Especially when a transaction is made outside of our countries of origin, security in legal matters is paramount so that the patrimony that you are creating in the US is always well protected.

Title companies generally represent the transaction and act as a combined agent for the title insurer, the buyer, the seller, and any other party involved in a real estate transaction, such as the mortgage lender.

The responsibilities of a title company are many, the most important of which are:

Property title analysis to issue a title insurance pledge. With this step, an investigation of the holding history is conducted and during this investigation, situations that require fixing prior to purchase may be discovered. If there is no solution, it is decided whether to issue title insurance
Carry out the closing of the transaction, preparing all legal documents; receive the necessary funds from the buyer or banking institution to make the necessary payments, acting as a fiduciary agent. This gives you transparency to the transaction.
Finally, issue a property title insurance to the buyer and the financial institution, guaranteeing a clean title from any title defect.

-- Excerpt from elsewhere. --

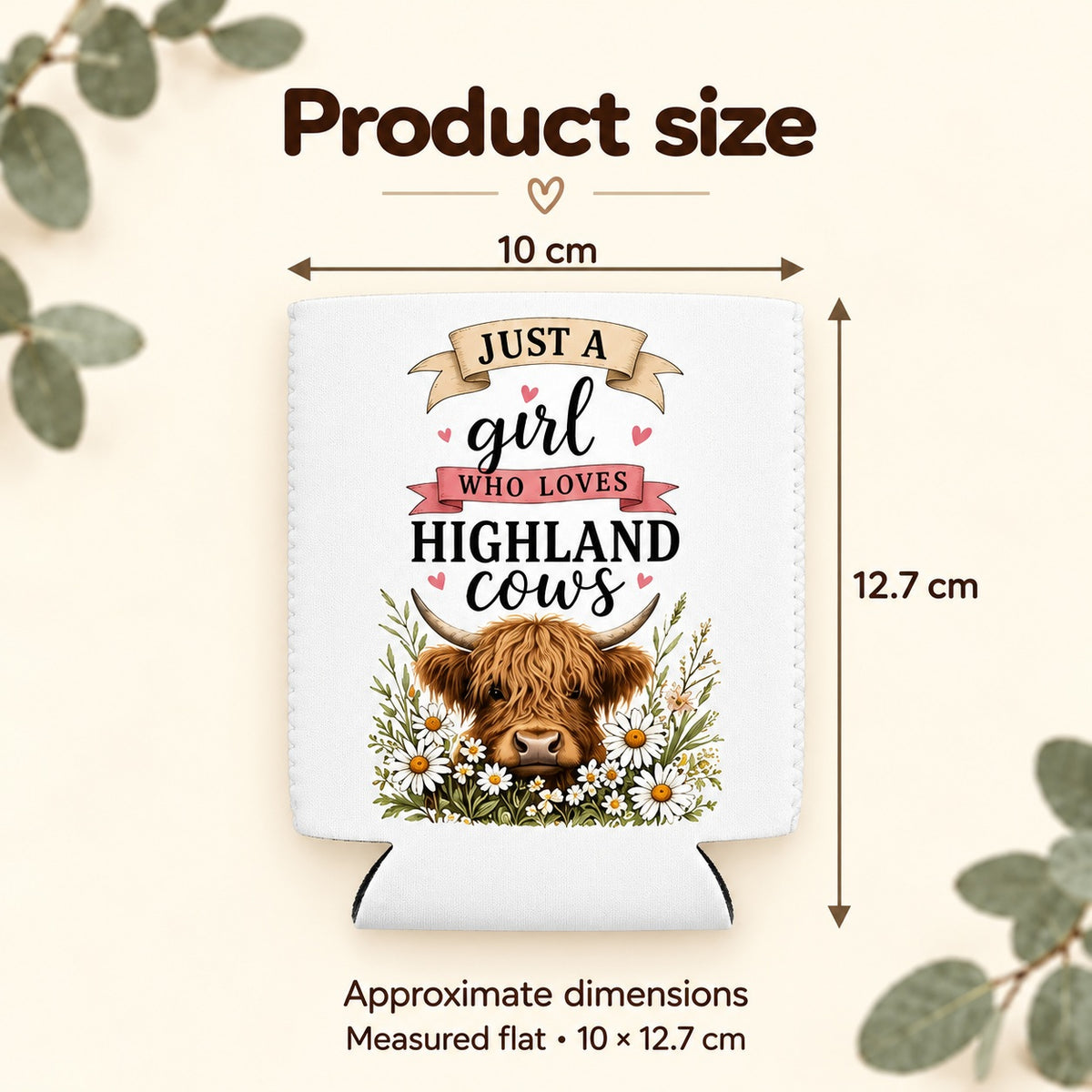 Product size guide for the daisy Highland cow stubbie coolers, showing the flattened sleeve dimensions.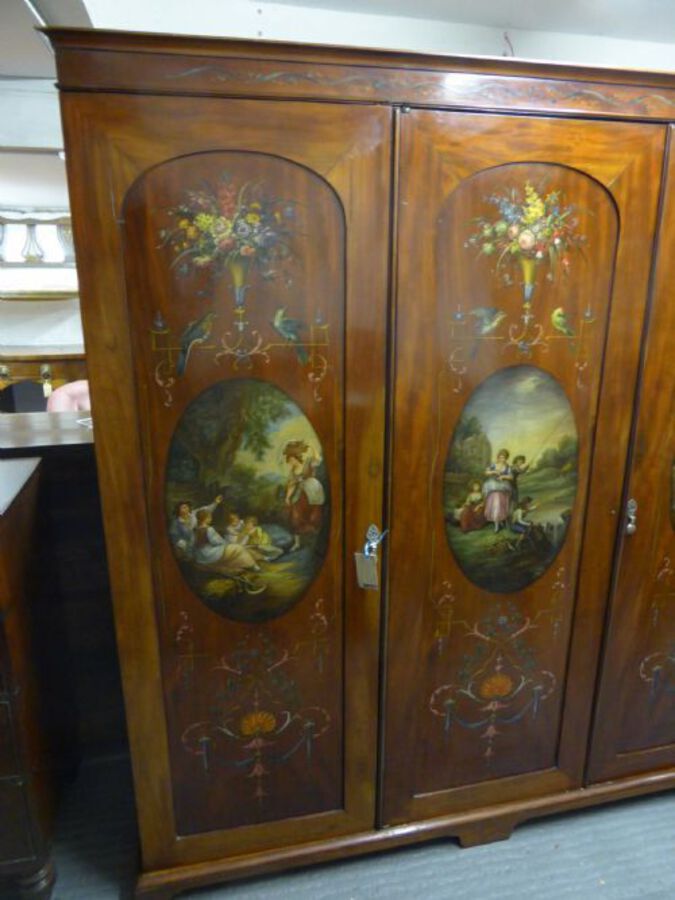 Antique Victorian Hand Painted Triple Wardrobe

By taking these steps, the buyer is offered peace of mind that his investment is insured against any potential issues related to his ownership of his property.

Buying in your own name or in the name of a company?

One of the first decisions you must make when buying a property in the US is under what figure you will acquire it. A property can be purchased in a personal name or in the name of a company. The most used for these cases are: LLC, INC or Corp.

Investment property, almost without exception, must be acquired through the use of a corporation or other entity.

What are the advantages of buying through a company?

  • Protects the owner from potential property-related lawsuits. That is, in case of lawsuit, they can only go against that property and not against other property or personal assets.
  • Consolidate all the income and expenses attributable to this property within a single entity, this will help reduce the tax impact and during the eventual sale of the property.
  • Provides flexibility when planning tax payments, in terms of transferring property interests to family members and others.
  • Avoid or reduce inheritance taxes, therefore, when the owner of the company dies, the legal entity never dies, thus reducing the amount of inheritance tax.

Should I open a business for every property I buy?

Forming a company for each property is really the best protection you can get. In this way the investor limits the legal responsibility to each one of the properties.

If several properties are under the same entity, the responsibility of one of them could expose the other properties. However, due to the costs of starting, managing and maintaining these companies, it is common for investors to maintain multiple properties under the same company.

Estimated costs of starting a company to buy a property

Approximate opening cost between $ 500- $ 900

Annual renewal cost ranges from $ 200- $ 400 approximately

Accountant fees for administration and annual tax return (before May 1) depend on the service and structure requested by each client, but ranges from $ 500- $ 1,000

What does it take to open a company?

  • Register name
  • Mailing address in the United States
  • Names of the directors and their respective identifications.
  • Prepare articles of incorporation of the company (work of the accountant)
  • Prepare operation agreement (accountant’s job)

How long does the opening process take?

The process takes between 5-15 business days.

I bought in a personal name, can I transfer it to a company?

It is important that you plan for this before making the transaction; However, if you have already purchased in a personal name, although it is possible to transfer ownership, it is important that you consult with an accountant and / or lawyer to analyze your specific case and be able to determine the possible legal and financial implications. Among them it is important to determine:

If FIRPTA applies (foreign investors)

Transfer costs

If it is taken as sale

LEGAL NOTE: These provisions are complicated and require the experience of a public accountant and / or real estate attorney to assess the potential legal and tax implications. At no time should this information be taken as advice.